The NhRP’s petition details the Pittsburgh Zoo and the ICC’s forced and unnatural breeding process, including restraining elephants, forcibly separating mothers from their calves shortly after birth, and forcibly separating bonded elephants. For example, in May of 2017, a female calf born at the ICC “was removed from her mother shortly after birth because the mother was apparently not lactating or caring for the calf, which is a common pathology among captive elephants that contributes to low calf survival rates.
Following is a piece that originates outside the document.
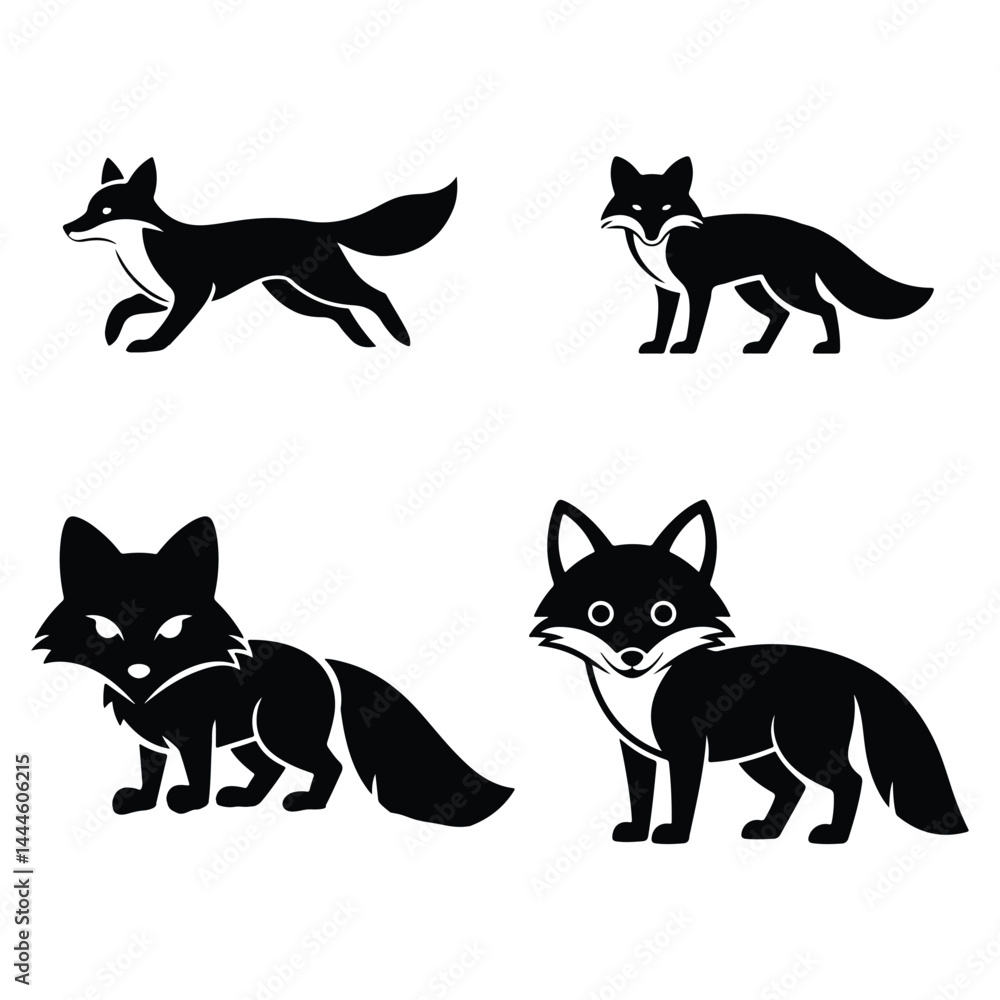 A silhouette of a fox vector on a white background A silhouette of a fox vector on a white background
The calf was ultimately raised by keepers at the Pittsburgh Zoo for three months until the calf was euthanized due to a reported failure to thrive.” 

In addition, while the ICC’s website implies the elephants have access to “1,000 acres of rolling hills,” the evidence included with the lawsuit suggests “Victoria and Zuri will spend most of their lives confined within the ICC’s elephant barns—structures composed of steel beams, insulated metal siding, cement-block interior walls, and concrete-filled pipe bollards that divide the stalls.”

The expert declarations submitted in support of the NhRP’s lawsuits testify to the elephants’ suffering and their deep physical and psychological need for freedom of choice and movement. Recent social media posts about the history of captive breeding by the zoo, including footage of Angeline being dragged away from her mother Savanna, whose leg is chained, and Zuri being separated from her mother by a handler with a bullhook, have sparked widespread outrage.

The NhRP is the only civil rights organization in the US dedicated solely to securing rights for nonhuman animals. Writing in The Atlantic, historian Jill Lepore called the NhRP’s litigation to free Happy the elephant from the Bronx Zoo to a sanctuary “the most important animal-rights case of the 21st century.” That litigation concluded in New York’s highest court in 2022, with Judges Rowan Wilson and Jenny Rivera issuing landmark dissenting opinions in favor of recognizing the availability of habeas corpus to certain nonhuman animals. 

The court had a duty to “to recognize Happy’s right to petition for her liberty not just because she is a wild animal who is not meant to be caged and displayed, but because the rights we confer on others define who we are as a society,” Judge Wilson wrote. Both Happy’s case and the Pittsburgh elephants’ case draw on fundamental principles of justice, liberty, and equality, centuries of case law, and the science of elephant cognition and behavior.

  • Access the NhRP’s media kit, including court filings in both lawsuits and photos and videos of the elephants for use in media coverage (credit Molly Condit).
  • Visit the elephants’ client page including the elephants’ biographies and information about the exhibit and the ICC
  • In early 2025, a Pittsburgh-based national animal advocacy group called the Christian Animal Rights Association created a Change.org petition urging the director of the Pittsburgh Zoo to release the elephants to a sanctuary. It currently has over 14,000 signatures.

The Pittsburgh Zoo has been included on In Defense of Animals’ list of “10 Worst Zoos for Elephants in North America” in 2016, 2017, 2019, and 2020.